Avenues to Affect Proposed Mineral Development: An `environmentalist's' Perspective
Robert J. Golten, Western Land Use Regulation and Mined Land Reclamation (1979)
An important function of the country's largest private conservation organization, the National Wildlife Federation, is to provide legal representation to otherwise unrepresented groups and citizens concerned about national resource protection in different areas of the country. To accomplish this, natural resource law clinics have been set up at several law schools across the country, which—among other things—help train law students in natural resource law and litigation.
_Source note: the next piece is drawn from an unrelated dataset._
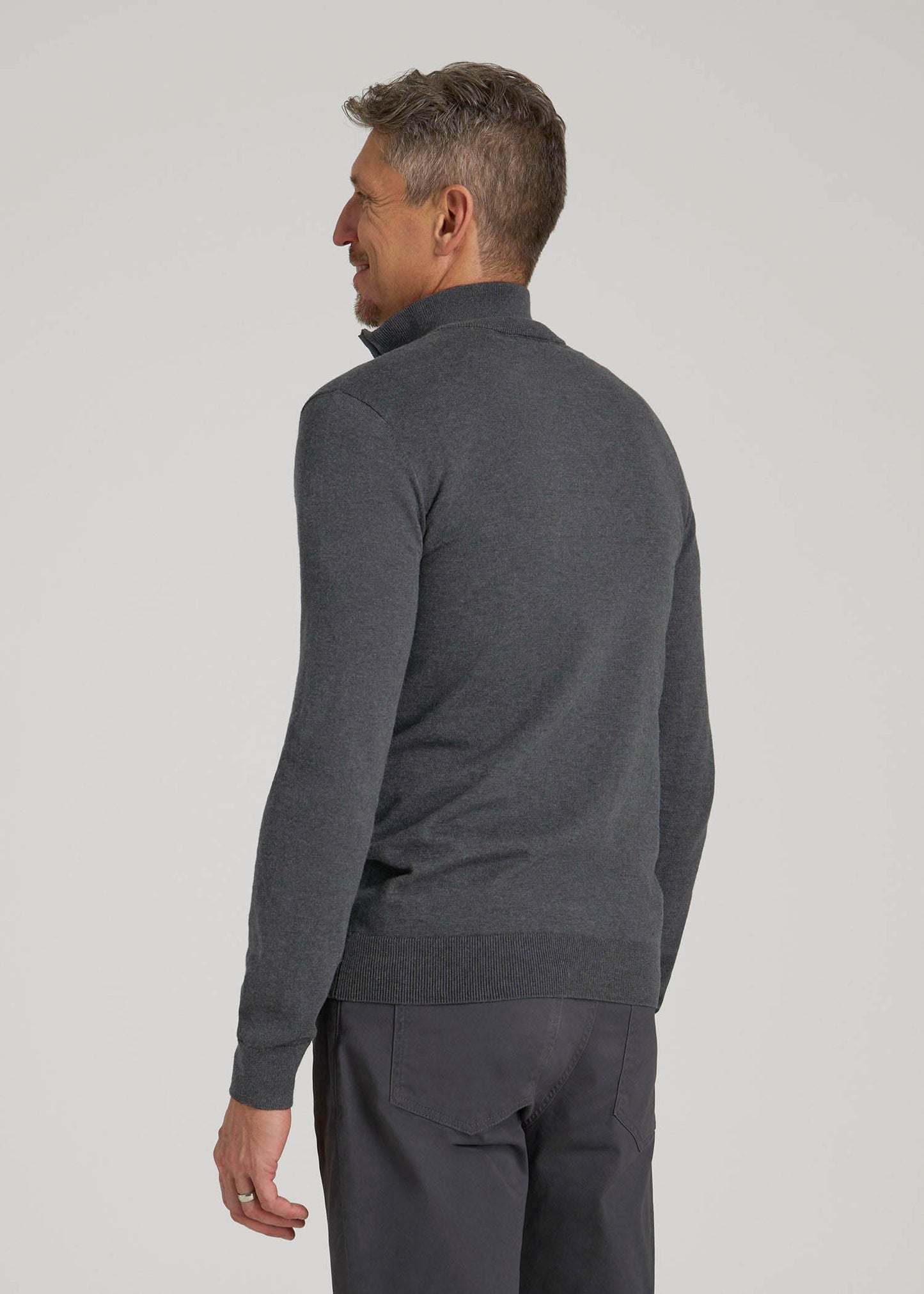 American Tall Men Everyday Quarter-Zip Sweater for Tall Men in Charcoal Mix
A recently-established NWF Clinic located in Boulder has been concerned with a wide variety of issues, including Colorado front range air pollution, timber management and road construction in National Forests in Wyoming and South Dakota, water resource projects in Colorado, Wyoming and Utah, mining issues in Colorado, Wyoming, South Dakota, Arizona and New Mexico, and fish and wildlife protection throughout the Rocky Mountain region. Operating with a staff of two lawyers, and a group of law students, the Colorado Clinic has been spread thin. Nonetheless, it has been involved in, or on the edge of, several mining controversies in the past 13 months. In the process, we have acquired some insights into, and a working knowledge of, the interplay between “public rights” accorded under federal and state environmental statutes, and “private rights” arising out of federal mining law.